The latter is a consequence of batching being ignored if the value of ‘NPerS4’, in Algorithm
2, is greater than the available cache size.
From 32Kw to 1024Kw, increasing the blocking factor leads to a proportional reduction in
the number of batches. Surprisingly the use of a 1024Kw blocking factor, which corresponds
to a cache of size 16MB, would still result in batches being cache blocked.
74 Use of the LPM for ERI Evaluation
4.4.4 Cache Blocking as a Function of Quartet Type
In the previous section, it was seen that the effect of cache blocking on the number of batches
generated varied according to LTot value. This raises the question whether the cache blocking
factor should vary according to the quartet type. To address this, we present in Table 4.8 the
cycle count for each LTot as a function of each cache blocking factor.
There are four major columns in Table 4.8 – ‘Total NoQrt’, ‘AsyLim’, ‘Qrt. PAB.’ and
‘Cycle count’. The ‘Total NoQrt’ and ‘AsyLim’ columns are reproduced from Table 4.7 to aid
discussion. The ‘Qrt. PAB.’ column is the average number of quartets per batch, assuming
there is no cache blocking. Values in this column are derived from the previous two columns.
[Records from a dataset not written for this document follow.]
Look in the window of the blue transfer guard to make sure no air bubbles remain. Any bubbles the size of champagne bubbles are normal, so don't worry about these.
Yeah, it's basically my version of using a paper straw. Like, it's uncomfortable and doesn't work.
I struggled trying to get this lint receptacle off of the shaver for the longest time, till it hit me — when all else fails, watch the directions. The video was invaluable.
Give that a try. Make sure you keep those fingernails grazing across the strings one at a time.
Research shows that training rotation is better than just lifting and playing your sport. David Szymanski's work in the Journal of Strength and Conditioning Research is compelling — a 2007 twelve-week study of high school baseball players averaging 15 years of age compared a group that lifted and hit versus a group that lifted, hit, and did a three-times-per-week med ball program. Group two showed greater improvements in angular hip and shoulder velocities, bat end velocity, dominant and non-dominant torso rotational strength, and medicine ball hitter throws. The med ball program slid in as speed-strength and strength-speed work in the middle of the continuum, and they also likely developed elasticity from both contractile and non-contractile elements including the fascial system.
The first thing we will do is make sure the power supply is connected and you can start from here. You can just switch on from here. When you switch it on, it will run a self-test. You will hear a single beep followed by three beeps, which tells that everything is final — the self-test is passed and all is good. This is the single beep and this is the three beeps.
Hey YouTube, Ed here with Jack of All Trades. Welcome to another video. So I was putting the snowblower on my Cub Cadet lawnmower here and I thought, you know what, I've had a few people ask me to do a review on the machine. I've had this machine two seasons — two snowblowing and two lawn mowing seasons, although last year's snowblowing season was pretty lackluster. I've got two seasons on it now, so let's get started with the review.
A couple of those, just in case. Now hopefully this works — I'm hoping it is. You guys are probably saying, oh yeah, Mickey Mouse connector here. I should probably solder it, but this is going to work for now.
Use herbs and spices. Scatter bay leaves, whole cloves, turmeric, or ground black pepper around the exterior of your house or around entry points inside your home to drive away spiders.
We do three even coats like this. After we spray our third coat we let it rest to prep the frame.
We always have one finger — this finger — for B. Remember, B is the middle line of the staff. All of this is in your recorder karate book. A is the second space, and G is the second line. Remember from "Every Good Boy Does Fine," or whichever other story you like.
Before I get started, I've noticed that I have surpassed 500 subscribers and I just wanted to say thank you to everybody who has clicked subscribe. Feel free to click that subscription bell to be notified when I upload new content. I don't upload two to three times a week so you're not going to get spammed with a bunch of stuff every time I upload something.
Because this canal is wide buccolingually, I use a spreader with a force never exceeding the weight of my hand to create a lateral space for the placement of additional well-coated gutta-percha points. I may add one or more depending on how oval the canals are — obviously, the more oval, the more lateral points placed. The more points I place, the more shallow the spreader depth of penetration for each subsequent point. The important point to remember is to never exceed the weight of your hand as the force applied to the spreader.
The ‘Cycle count’ row presents measured cycle counts for each LTot as a function of the cache
blocking factor. Minimum cycle counts entries for each LTot have been highlighted in bold
font. At the bottom of the table, the ‘Total Cycles’ column corresponds to the sum of cycle
counts for each blocking factor. The ‘% Increase from 32Kw’ gives the percentage difference
between cycle counts for the 32Kw blocking factor and other blocking factors.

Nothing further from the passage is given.